» EXERCISE GOAL:
Starting at the line that contains "Mamba Lacing Cord" and ending at the line that contains "Keyshawn Polyester Pillow", the lines below are to be given again exactly, with nothing added.

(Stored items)

┄┄┄┄┄┄┄┄┄┄┄┄┄┄┄┄┄┄┄┄

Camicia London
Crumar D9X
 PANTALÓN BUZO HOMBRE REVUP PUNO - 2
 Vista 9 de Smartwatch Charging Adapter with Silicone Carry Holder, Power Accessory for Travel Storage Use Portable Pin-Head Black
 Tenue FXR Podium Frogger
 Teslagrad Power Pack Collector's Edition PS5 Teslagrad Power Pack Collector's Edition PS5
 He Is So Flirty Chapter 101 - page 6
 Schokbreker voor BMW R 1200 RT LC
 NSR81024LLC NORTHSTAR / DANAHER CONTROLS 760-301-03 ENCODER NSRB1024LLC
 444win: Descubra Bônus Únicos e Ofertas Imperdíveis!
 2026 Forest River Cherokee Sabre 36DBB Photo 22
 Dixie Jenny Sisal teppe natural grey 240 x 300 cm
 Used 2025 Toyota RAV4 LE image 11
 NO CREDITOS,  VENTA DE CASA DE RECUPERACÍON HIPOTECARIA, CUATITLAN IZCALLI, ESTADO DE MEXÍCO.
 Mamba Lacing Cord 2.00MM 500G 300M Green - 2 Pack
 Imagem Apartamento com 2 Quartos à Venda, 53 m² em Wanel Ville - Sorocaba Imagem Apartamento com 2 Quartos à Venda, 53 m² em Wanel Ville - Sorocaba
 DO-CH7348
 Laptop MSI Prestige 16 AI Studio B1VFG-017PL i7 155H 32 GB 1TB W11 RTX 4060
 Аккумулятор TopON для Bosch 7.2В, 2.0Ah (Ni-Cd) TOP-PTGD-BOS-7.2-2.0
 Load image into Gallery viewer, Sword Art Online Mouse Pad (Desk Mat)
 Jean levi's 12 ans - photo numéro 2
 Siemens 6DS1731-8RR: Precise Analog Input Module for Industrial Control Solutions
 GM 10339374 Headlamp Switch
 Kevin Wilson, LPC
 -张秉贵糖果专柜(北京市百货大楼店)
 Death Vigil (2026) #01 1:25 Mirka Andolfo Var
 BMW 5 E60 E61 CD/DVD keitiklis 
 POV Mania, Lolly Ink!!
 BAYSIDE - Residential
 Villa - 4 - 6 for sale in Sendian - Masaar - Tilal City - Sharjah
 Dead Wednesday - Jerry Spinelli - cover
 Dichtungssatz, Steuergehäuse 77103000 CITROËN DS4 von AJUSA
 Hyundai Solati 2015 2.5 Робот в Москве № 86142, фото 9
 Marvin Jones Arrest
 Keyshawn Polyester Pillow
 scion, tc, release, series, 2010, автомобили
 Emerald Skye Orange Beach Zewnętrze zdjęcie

┄┄┄┄┄┄┄┄┄┄┄┄┄┄┄┄┄┄┄┄

» OUTPUT OF THE TASK:
 Mamba Lacing Cord 2.00MM 500G 300M Green - 2 Pack
 Imagem Apartamento com 2 Quartos à Venda, 53 m² em Wanel Ville - Sorocaba Imagem Apartamento com 2 Quartos à Venda, 53 m² em Wanel Ville - Sorocaba
 DO-CH7348
 Laptop MSI Prestige 16 AI Studio B1VFG-017PL i7 155H 32 GB 1TB W11 RTX 4060
 Аккумулятор TopON для Bosch 7.2В, 2.0Ah (Ni-Cd) TOP-PTGD-BOS-7.2-2.0
 Load image into Gallery viewer, Sword Art Online Mouse Pad (Desk Mat)
 Jean levi's 12 ans - photo numéro 2
 Siemens 6DS1731-8RR: Precise Analog Input Module for Industrial Control Solutions
 GM 10339374 Headlamp Switch
 Kevin Wilson, LPC
 -张秉贵糖果专柜(北京市百货大楼店)
 Death Vigil (2026) #01 1:25 Mirka Andolfo Var
 BMW 5 E60 E61 CD/DVD keitiklis 
 POV Mania, Lolly Ink!!
 BAYSIDE - Residential
 Villa - 4 - 6 for sale in Sendian - Masaar - Tilal City - Sharjah
 Dead Wednesday - Jerry Spinelli - cover
 Dichtungssatz, Steuergehäuse 77103000 CITROËN DS4 von AJUSA
 Hyundai Solati 2015 2.5 Робот в Москве № 86142, фото 9
 Marvin Jones Arrest
 Keyshawn Polyester Pillow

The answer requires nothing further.